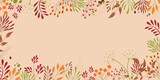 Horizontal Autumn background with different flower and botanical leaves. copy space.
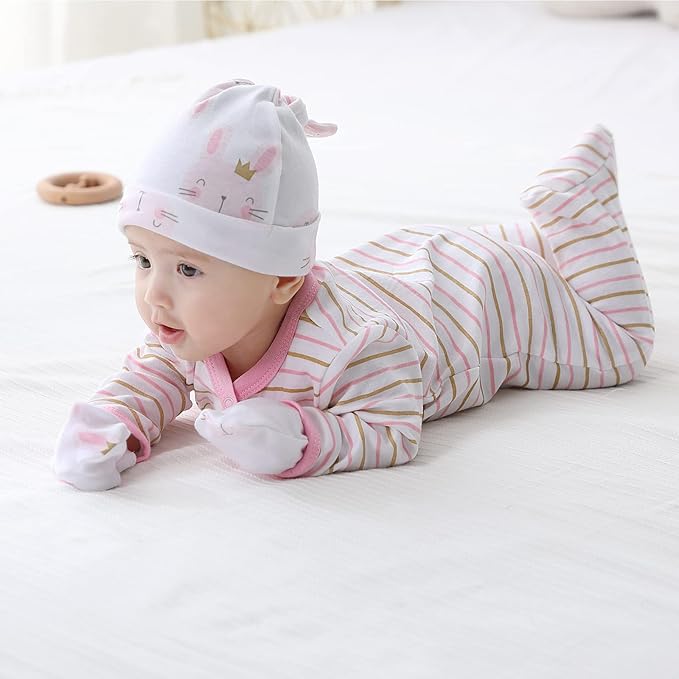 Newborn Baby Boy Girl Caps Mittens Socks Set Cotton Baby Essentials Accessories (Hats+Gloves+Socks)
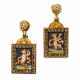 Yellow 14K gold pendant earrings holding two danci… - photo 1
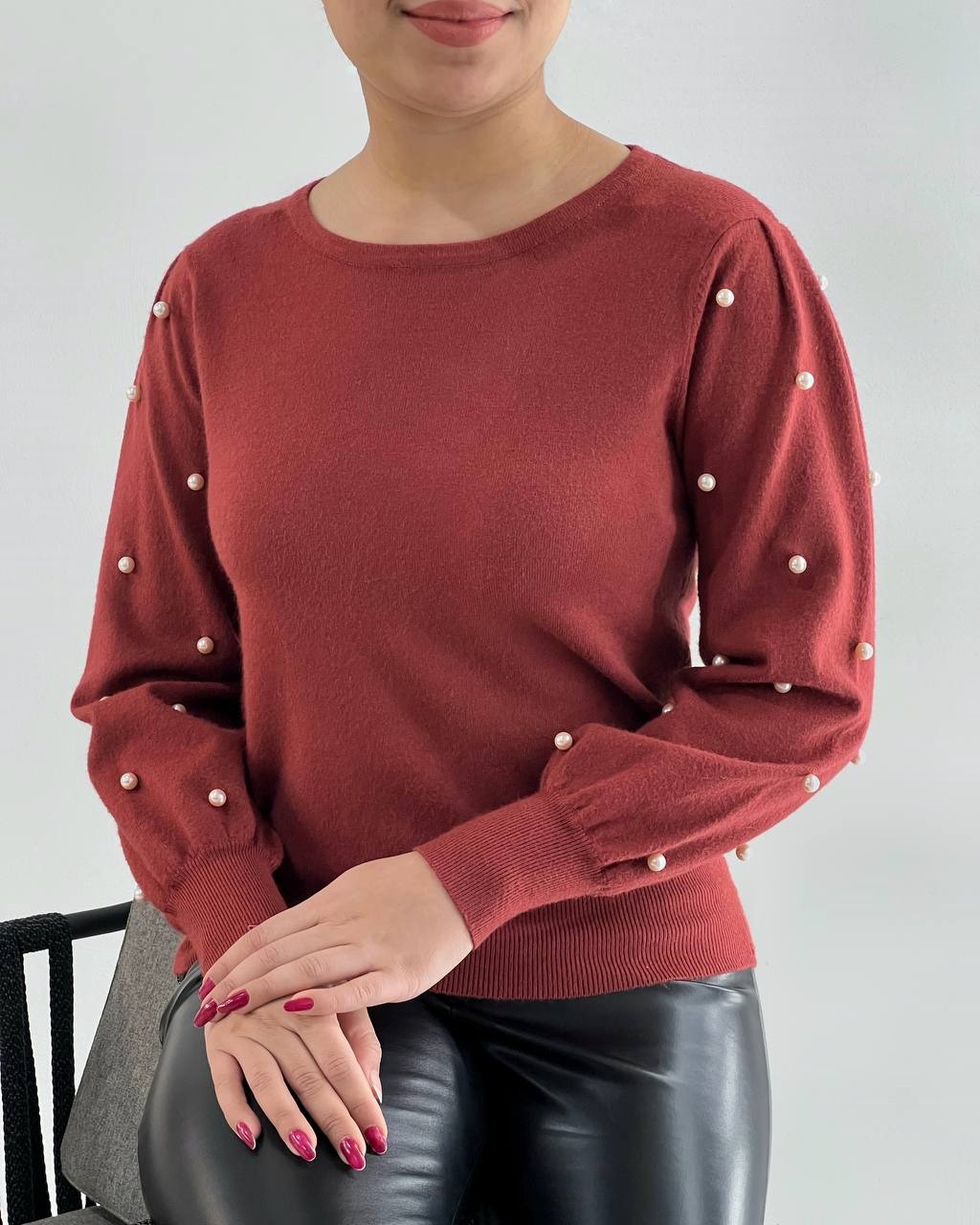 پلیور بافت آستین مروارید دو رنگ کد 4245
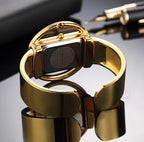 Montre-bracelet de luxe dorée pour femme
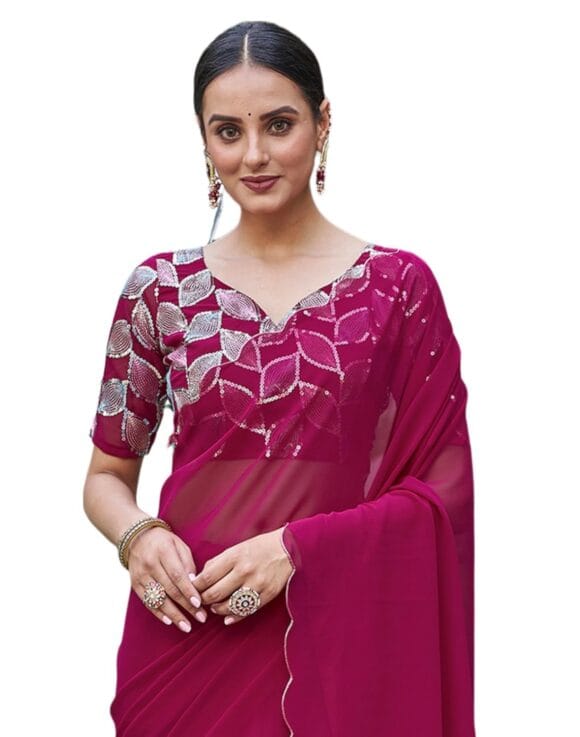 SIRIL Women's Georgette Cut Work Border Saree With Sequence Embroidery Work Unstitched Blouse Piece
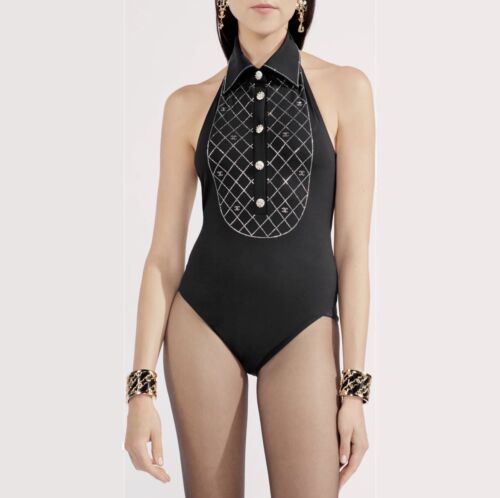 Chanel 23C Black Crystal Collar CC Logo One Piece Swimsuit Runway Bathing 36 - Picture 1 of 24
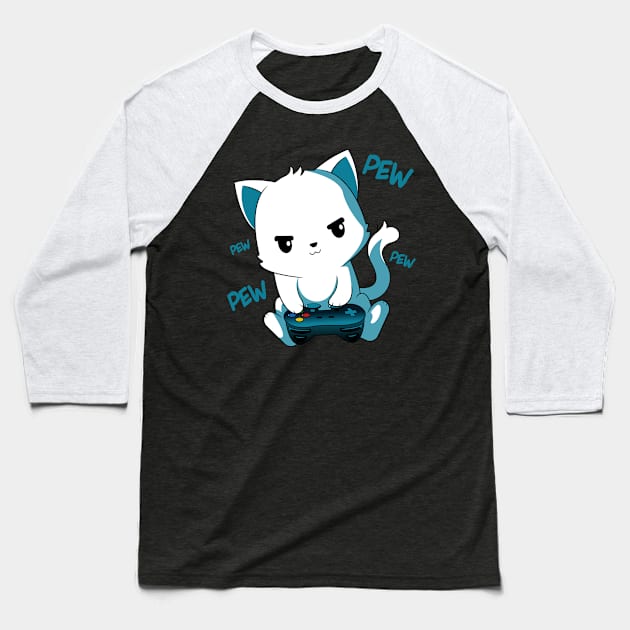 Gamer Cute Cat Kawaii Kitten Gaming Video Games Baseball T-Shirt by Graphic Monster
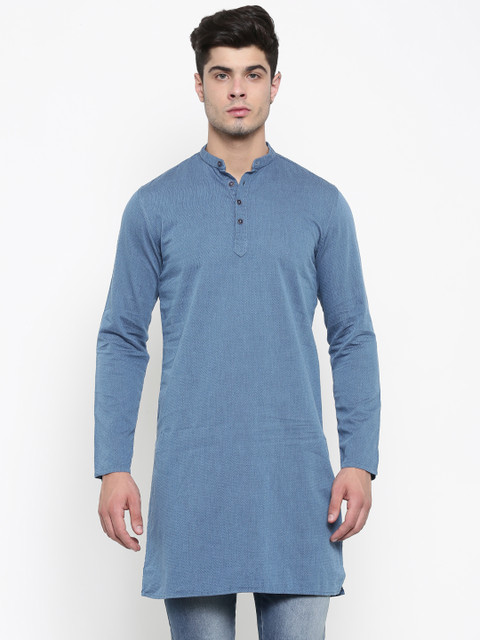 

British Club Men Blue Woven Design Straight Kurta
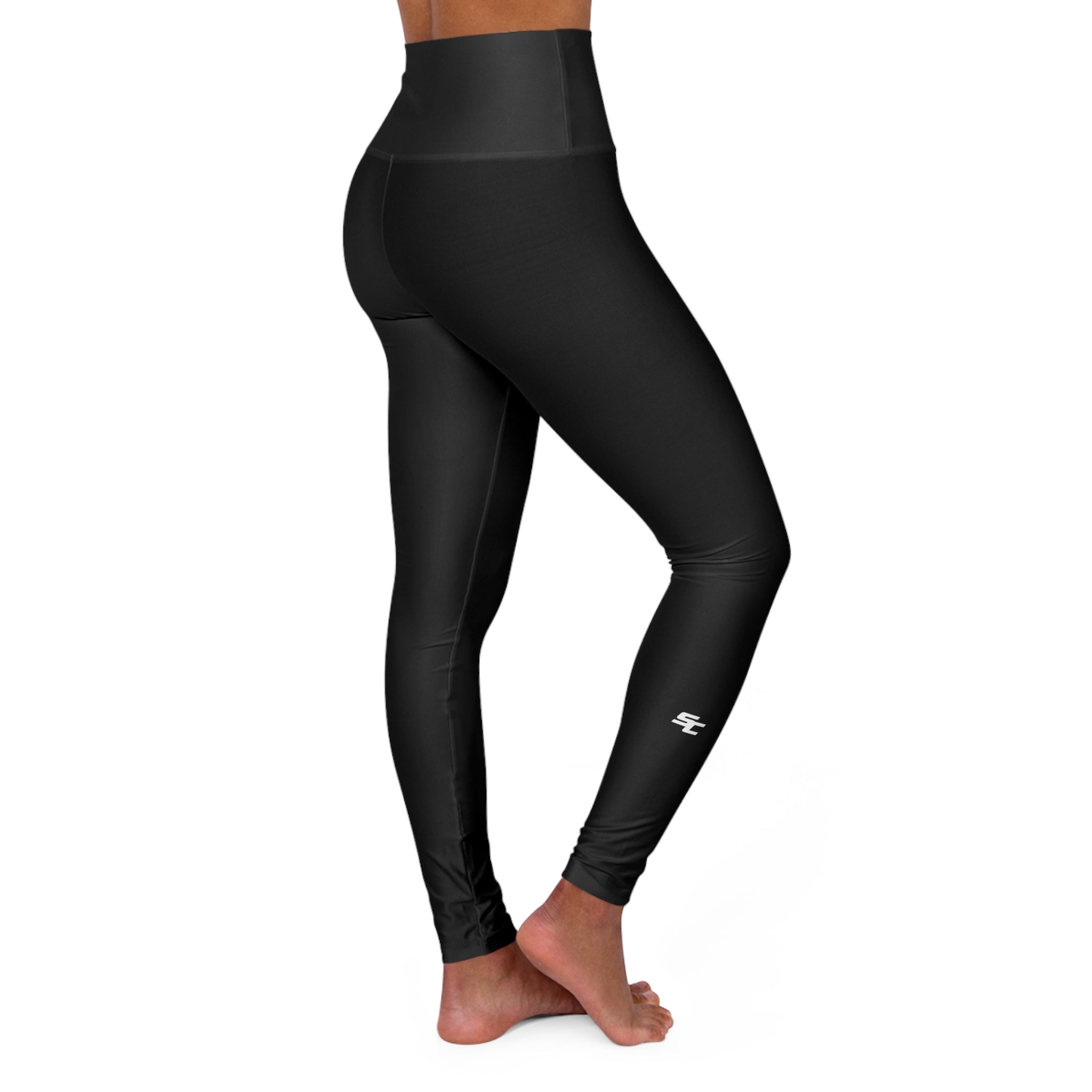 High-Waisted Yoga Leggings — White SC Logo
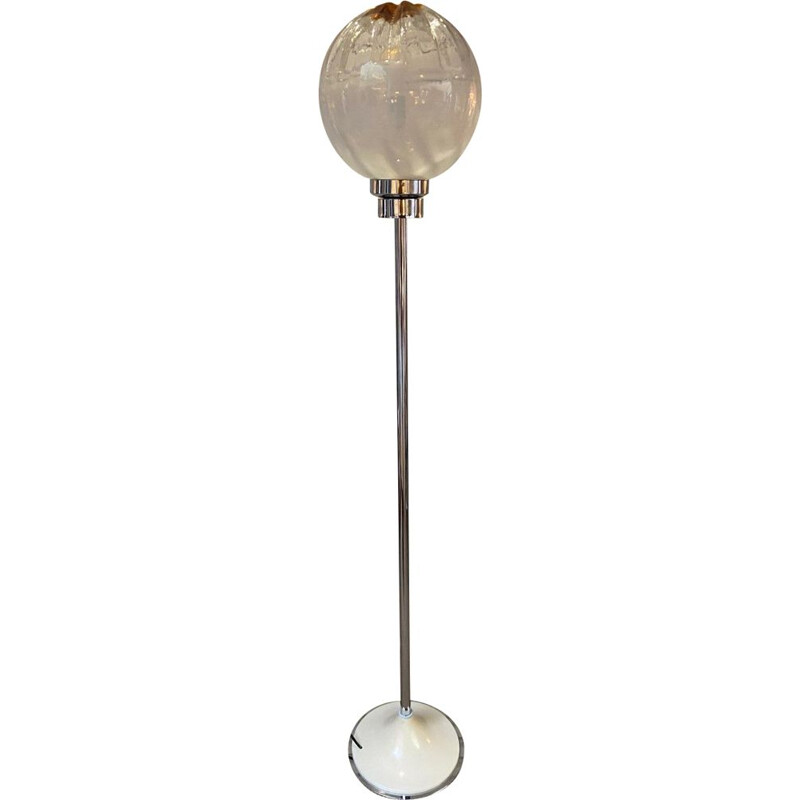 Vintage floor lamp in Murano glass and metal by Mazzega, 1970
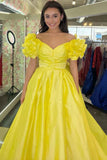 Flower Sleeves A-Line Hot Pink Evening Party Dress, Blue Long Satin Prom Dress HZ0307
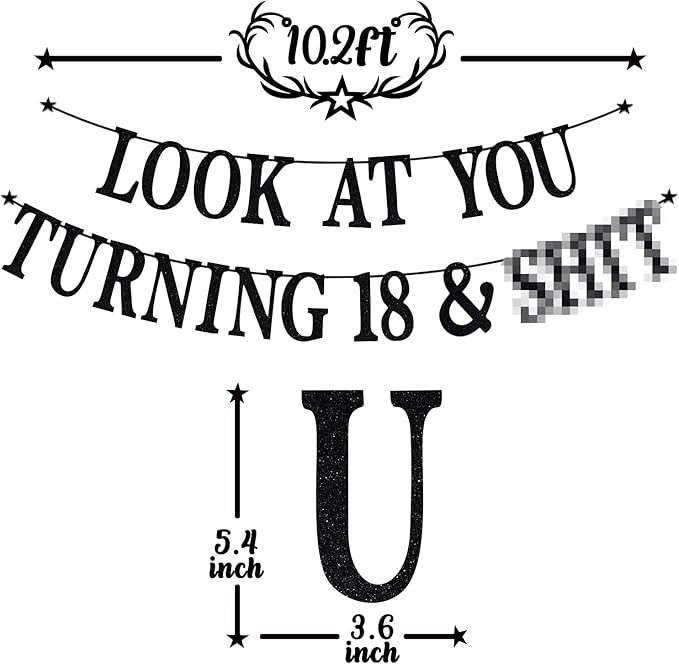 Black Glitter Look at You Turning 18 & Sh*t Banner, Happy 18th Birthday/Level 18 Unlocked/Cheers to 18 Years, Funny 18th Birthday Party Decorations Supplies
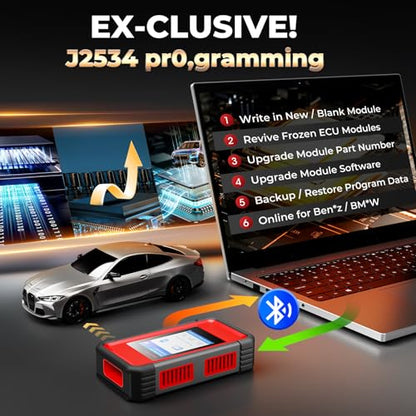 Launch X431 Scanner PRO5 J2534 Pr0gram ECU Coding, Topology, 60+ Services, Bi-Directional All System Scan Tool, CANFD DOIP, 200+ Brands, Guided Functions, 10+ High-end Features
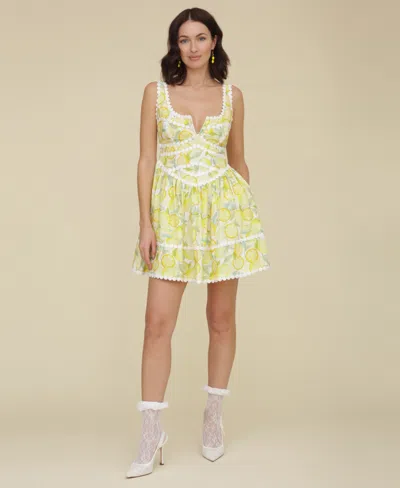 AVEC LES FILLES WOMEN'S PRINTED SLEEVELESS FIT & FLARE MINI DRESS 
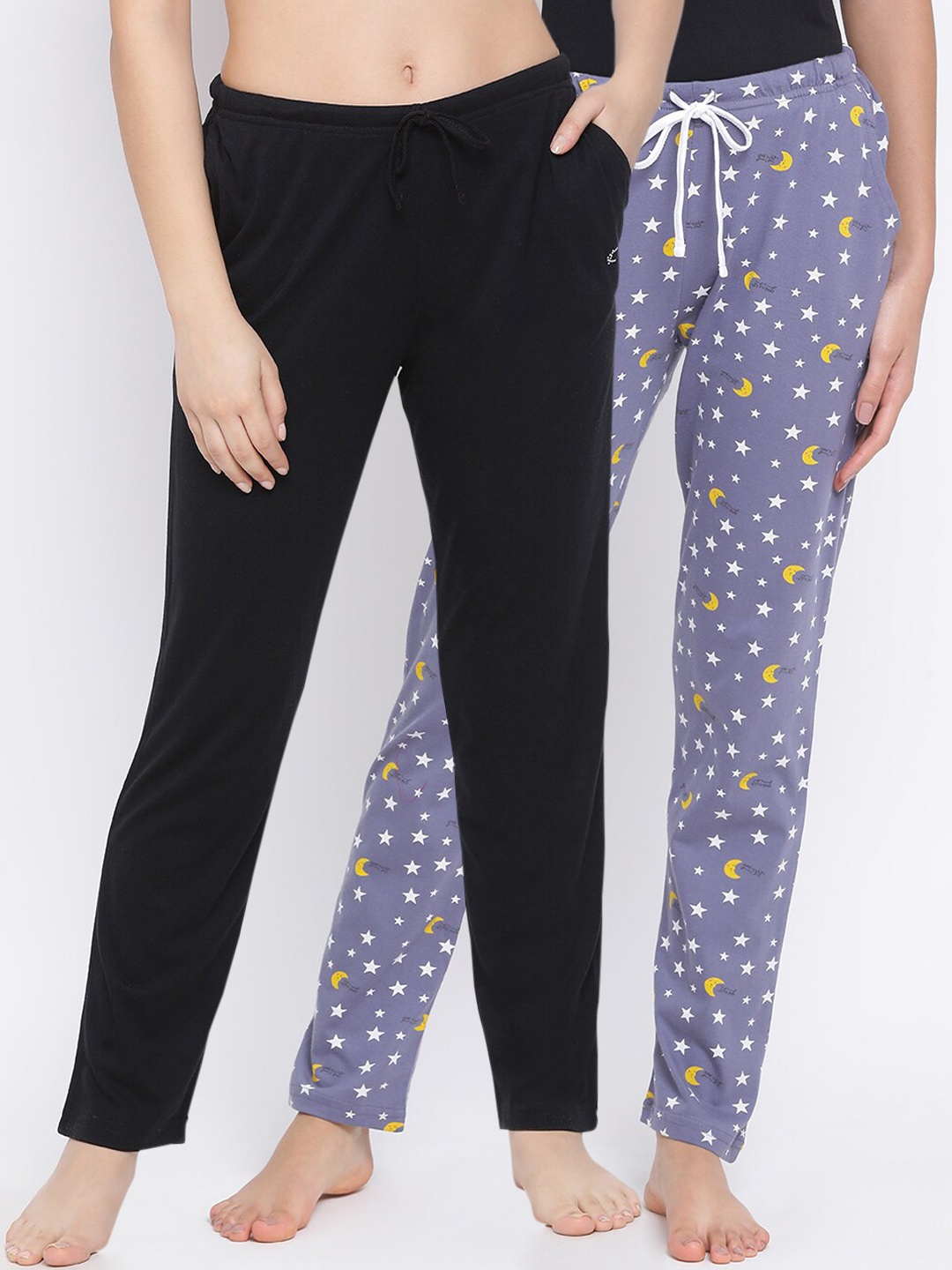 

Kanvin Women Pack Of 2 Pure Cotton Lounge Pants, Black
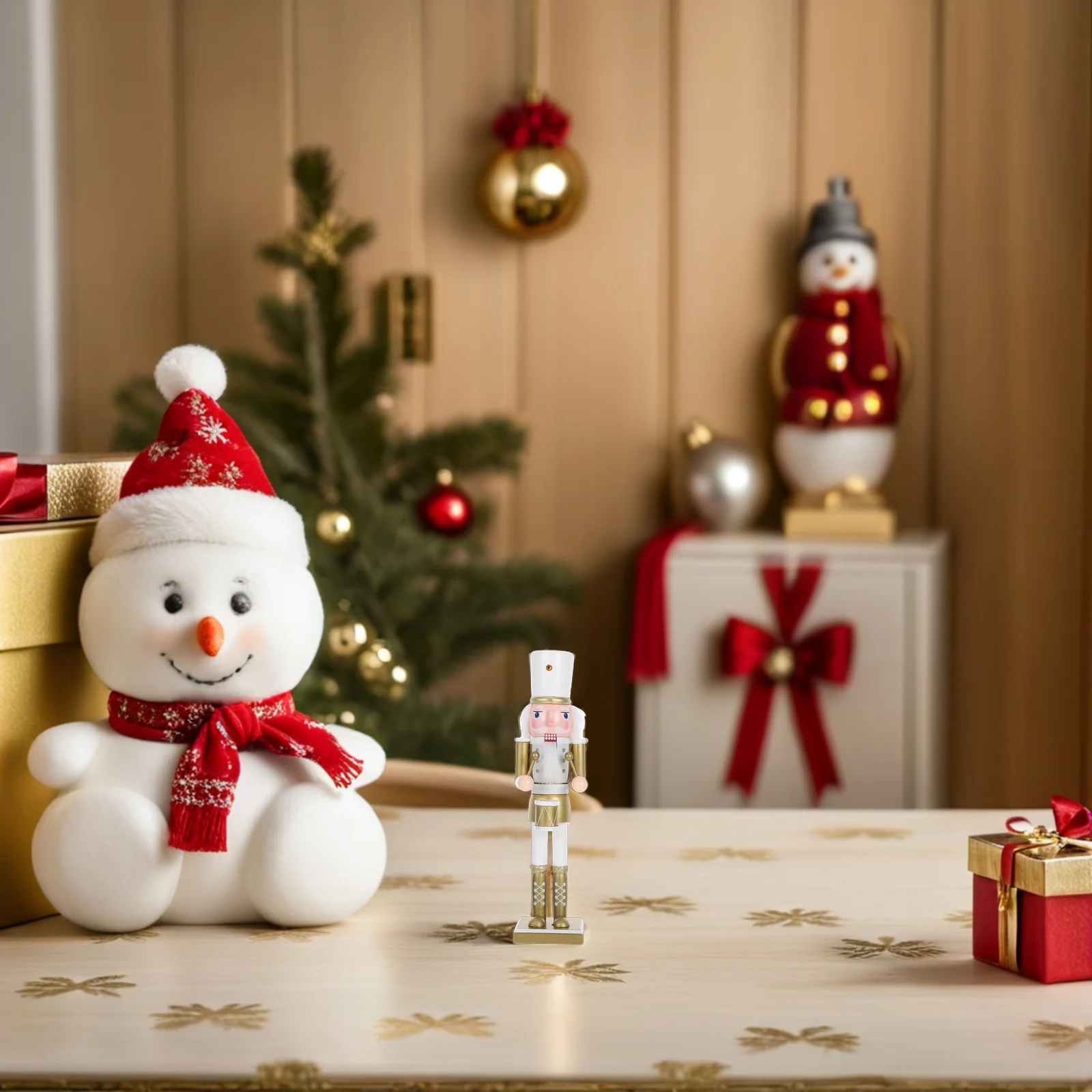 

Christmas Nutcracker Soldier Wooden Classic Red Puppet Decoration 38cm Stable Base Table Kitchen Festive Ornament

• **Task instructions**
Retype the records above exactly, starting at the line that contains "Launch X431 Scanner" and going through the last line, and leave out any pictures.

• **Output of the task**
 Launch X431 Scanner PRO5 J2534 Pr0gram ECU Coding, Topology, 60+ Services, Bi-Directional All System Scan Tool, CANFD DOIP, 200+ Brands, Guided Functions, 10+ High-end Features
 AVEC LES FILLES WOMEN'S PRINTED SLEEVELESS FIT & FLARE MINI DRESS 

Kanvin Women Pack Of 2 Pure Cotton Lounge Pants, Black

Christmas Nutcracker Soldier Wooden Classic Red Puppet Decoration 38cm Stable Base Table Kitchen Festive Ornament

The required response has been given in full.